The approach I would take with this (i.e. not having a "normalized" value with only digits available, and a restriction of not adding an additional column with the normalized value...)
I would take the user input for the search, and add wild cards in strategic locations. For example, if the user provides search input of 3155551212), then I'd run a query that has a predicate equivalent to this:
phonenumber LIKE '%315%555%1212%'
But if I'm not guaranteed that the provided search digits will be a full three digit area code, a three digit exchange (central office) code, and a four digit line number, for a broader search, I'd add wild cards between all of the provided digits, e.g.

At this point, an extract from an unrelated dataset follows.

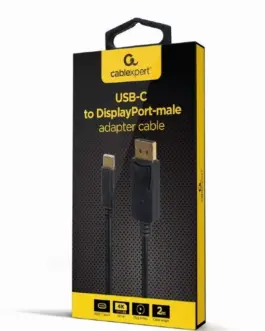 Alternative view of Gembird кабел USB-C for DisplayPort 4K 60Hz 2m
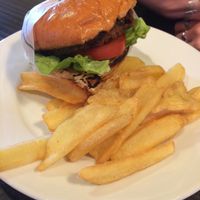 falafel burger vegan at Seumas' Bar in Isle Of Skye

phonenumber LIKE '%3%1%5%5%5%5%1%2%1%2%'
This latter approach is less than ideal, because it could potentially provide more matches than aren't intended. Especially if the user is providing fewer than ten digits. For example, consider a phonenumber value:
'+1 (315) 555-7172 ext. 123'
As a demonstration:
SELECT '+1 (315) 555-7172 ext. 123' LIKE '%3%1%5%5%5%5%1%2%1%2%'
, '+1 (315) 555-7172 ext. 123' LIKE '%315%555%1212%'
There's no builtin string function in MySQL that will extract the digit characters from a string.
If you want a function that does that, e.g.
SELECT only_digits_from('+1 (315) 555-7172 ext. 123')
to return
13155557172123
You'd have to create a stored function that does that. I wouldn't attempt doing it inline in the SQL statement, that would require an atrociously long and ugly expression.